Ask HN: Best way to monetize jgc.org
I currently monetize the site by pointing people to copies of my book. On Monday I had 150,000 pages views and it seems like there's more I could be doing to make the site pay.
In the past I've shied away from advertising because I felt it was intrusive. According to Google Analytics I average 100,000 page views per month.
8 comments
[ 3.0 ms ] story [ 28.9 ms ] threadMany people will probably suggest an ebook/course/etc, but they're all just slight variations on your book.
Also consider setting up a mailing list which you use to periodically send out updates on interesting things you're working on.
That way onces you have something you want to promote (be it a book, website, event, etc.) you'll have a solid following to which you can promote it.
How do you get there? A/B testing of course.
Now the questions become:
A) Would you rather spend your time writing, conducting, and analyzing A/B tests or writing another book?
B) Which offers a better opportunity to scale, the website or another book?
Finally, there is nothing wrong with leaving some "meat on the bone" for your readers by not fully monetizing your site. The author reader relationship is intimate, and intimacy requires trust. Rotating ads based on where I've browsed are creepy.

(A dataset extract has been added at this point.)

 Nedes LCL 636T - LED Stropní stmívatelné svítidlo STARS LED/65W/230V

If you go down the advertiser route, it should be direct placement of goods and services you are willing to put your name behind and which you believe are in the interest of your readers.
Good Luck.
I've also seen you show a few products in some posts so affiliates may be an okay money maker (See more money than google ads).

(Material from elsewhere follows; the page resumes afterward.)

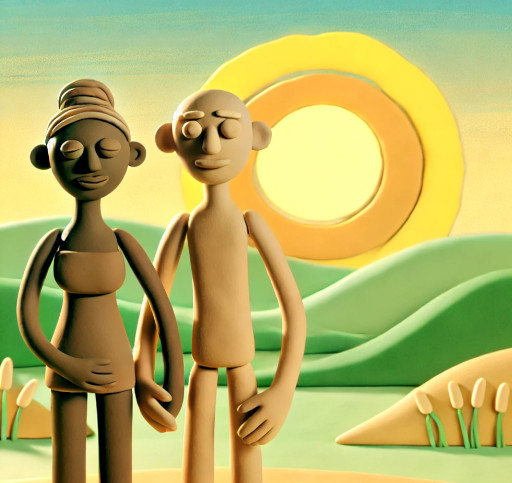 Illustration of a happy couple standing together, looking at a sunrise over a peaceful landscape, symbolizing new beginnings and the journey towards conception.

The best would be to have someone pay to sponsor you per month or per period.
Anyway, I completely agree on the avoidance of advertising. We are British after all. But advertising gets you money for almost no effort - you already have 100K visits, you do no extra work. Sadly that's about the only time you will get money for nothing. Here's my list of the alternatives.
1. The simplest and apparently best advice is to build up a mailing list. I will happily receive a monthly mail from you telling me about more London Bus projects, how the plan28 is coming along and so on. Keep it personal. Mailchimp is your friend here. Its pretty good.
2. Anyway, the point about the mailing list is they are supposed to have seriously good response rates - 20% plus (see patio11). Every so often you can monetize that list by selling ... and this is where the issue hits. You need something to sell, and that's a new book, a training course (on London bus model modding, or atmospheric balloon flying). And that something is as much work as a small book. So its not like you are monetizing the website with no effort.
3. Recruitment models seem to work well - you have access to a huge pool of technical talent, you have a reputation for integrity and projects that go somewhere. Why not put the word out on your blog that companies who want long-term hard but interesting projects to be taken on by the best freelancers should contact you.
You pick the projects, put out a call for team members and take a recruiters cut (20% first year salary).
I know that's not monetizing the blog - its taking on a new job as a project manager. But you do something similar for plan28 I guess. Anyway, think the stuff at bloomberg research (https://news.ycombinator.com/item?id=5637739) not "I want a new website".
If it works well you can hire a real PA and just do the fun code reviews.
4. Travel agency model - I listened to a really good podcast on Roman Empire a couple of years ago, (I came in about 100AD and so had 900 years of catchup before I hit the "what a whole week before I get to listen again!")
Anyway, he offered to do small group tours of Italy and Rome - it seemed pretty successful, he did not get rich but he essentially got first class tickets and holiday in Rome, doing what he loved plus a fair bit of spending money.
Why not do the same for your geek atlas? There are a number of boutique tour operators who would probably help out. And you get a free holiday.
5. I get the sneaking feeling you are "looking about" for something new to excite you (you strike me as a guy who needs a lot of projects to keep the brain tricking over and you just dropped below the threshold)
6. Labs. My own personal plan is to put enough aside consulting to pay my own tenure - and to then develop products in 'almost-emerged' industries (Computer-vision, UAV).
This is really not website stuff - but if it is new projects you are looking for and monetizing somehow, well, an evening in the pub brainstorming will come up with enough to keep you busy for a year or two.
Actually that last one is interesting - if this is still bugging you in a couple of weeks, just tell #HNLondon that you will be at the Dog and Bone after the meetup for a pipe-smoking, real-ale drinking, brainstorming for freelancers.
If you and five others do not walk away at the end of the evening with a fully planned out 18 months of work, then none of you were drinking strong enough beer.